Conocimiento de la realidad, intuición perspicaz, paciencia infinita en el análisis, rapidez de reflejos, dedicación absoluta, firmeza en la orientación y decisión, flexibilidad en la adaptación a las circunstancias, facilidad en aparentes concesiones o retrocesos para asegurar la irreversibilidad de los avances subsiguientes… son todas ellas notas definitorias que imprimió Adolfo Suárez al proceso de Transición.
Yo, que me desenvolvía con más comodidad en otros planos y que operaba con esquemas más rígidos y elaborados, me rendí sin dificultad a la evidencia de su dirección segura y eficaz. Si el hilo de Ariadna hubiera sido rígido —me repetía con frecuencia a mí mismo—, no habría servido a Teseo para salir del Laberinto.
“Reconocido en la declaración programática del Gobierno el principio de que la soberanía nacional reside en el pueblo, hay que conseguir que el pueblo hable cuanto antes”, había dicho Suárez en su mensaje del 10 de septiembre, al presentar el proyecto de ley para la Reforma Política. “Que nadie hable en nombre de un pueblo que no ha hablado; que nadie se arrogue representaciones si no las ha recibido; que termine la confusión y que sea el pueblo español el que arbitre y haga la luz”, dije yo ante las Cortes que aprobaron la citada ley el 18 de noviembre.

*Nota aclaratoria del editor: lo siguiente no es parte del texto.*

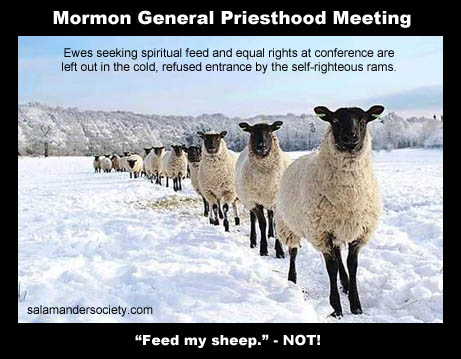 Mormon Sheep Ewes Denied Entrance into Priesthood Session of General Conference.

La palabra la tenía ya el pueblo, al que se convocó a referéndum para el día 15 de diciembre de 1976. Se celebró, con total normalidad, la consulta popular: el 92,4 % de los votantes (que fueron el 77,4% del censo) dieron su voto afirmativo. La primera fase de la Transición estaba culminada. La Ley para la Reforma Política, pieza clave del proceso, fue sancionada por el Rey el día 4 de enero de 1977 y publicada en el Boletín Oficial del Estado del día 5 siguiente. “Habla, pueblo, habla”, había sido el eslogan central de nuestra campaña. Y el pueblo habló, pronunciando su palabra definitiva sobre el qué y el cómo de la transformación política de España. Una palabra que supuso el inequívoco respaldo popular al planteamiento reformista del Gobierno.
Landelino Lavilla Alsina, exdiputado de UCD y expresidente del Congreso (1979 y 1982), es autor de ‘Una historia para compartir’ (Galaxia Gutenberg), que se acaba de publicar.